The Biennale's main exhibition is explored under the overarching theme of "All the World's Futures" curated by Okwui Enwezor as a constellation of "filters" that grapple with the current "state of things", even if contrary to how they appear. How do art world practitioners position themselves and their responses to the upheaval of our times?

In the absence of national pavilions, Indian, Pakistani and Bangladeshi artists find themselves in the The Great Game at the Iran pavilion and in the collateral project My East is Your West hosted by the Gujral Foundation. The Iranian Pavilion includes the works of over 40 artists from the regions of South and Central Asia, addressing the notion of Asian supremacy through a series of socio-political engagements. For better insight, I reached out to Priyanka and Prateek Raja of Experimenter Gallery, who have three of their represented artists showing at the Pavilion. I wanted to know more about the inclusion of works by Naeem Mohaiemen, Bani Abidi and Raqs Media Collective and how said work reinforced South Asian identity.

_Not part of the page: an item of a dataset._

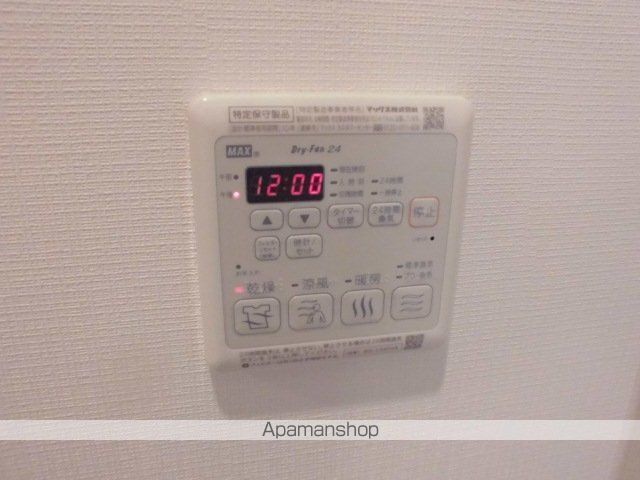 レジュールアッシュウエストレジスの内装写真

The duo said that South Asia is currently poised at an interesting juncture: emerging as the new center of the global economic order, coming to terms with the post-colonial moment and confronting new voices from the masses. At the same time, it is also coming to terms with the costs of growth and with the long-term impact of urbanisation, ecological challenges and preservation of the old. "Naeem Mohaiemen (Bangladesh), Raqs Media Collective (India) and Bani Abidi (Pakistan) have addressed issues of political history, ideas of power, that of security and of identity, of fragmented utopia/dystopia slippages in histories of regimes and governments established in the '60s and '70s in the "Global South". The inclusion of these artists reinforces the importance of recognising this history and in giving this time of South Asia a global voice." 

The Biennale’s main exhibition is explored under the overarching theme of “All the World’s Futures” curated by Okwui Enwezor as a constellation of “filters” that grapple with the current “state of things”, even if contrary to how they appear. 

A similar voice reinforcing South Asian identity is echoed by Feroze Gujral in a chat about the Gujral Foundation's project and her choice of selecting two artists: Shilpa Gupta from India and Rashid Rana from Pakistan. Imagined as a jugalbandi, a musical duet, a clapping of two hands together, both artists (one man and one woman) immediately came to mind for their works that subvert the idea of fixed borders and stark nation-state politics. Gupta with her poignant and minimalist aesthetic contrasted with the grandeur and spectacular presentation of Rana's works were a perfect way to make a strong, singular comment. Incidentally, both artists' work, alongside those of Riyaz Komu, Amar Kanwar and Hema Upadhyay are also part of The Great Game.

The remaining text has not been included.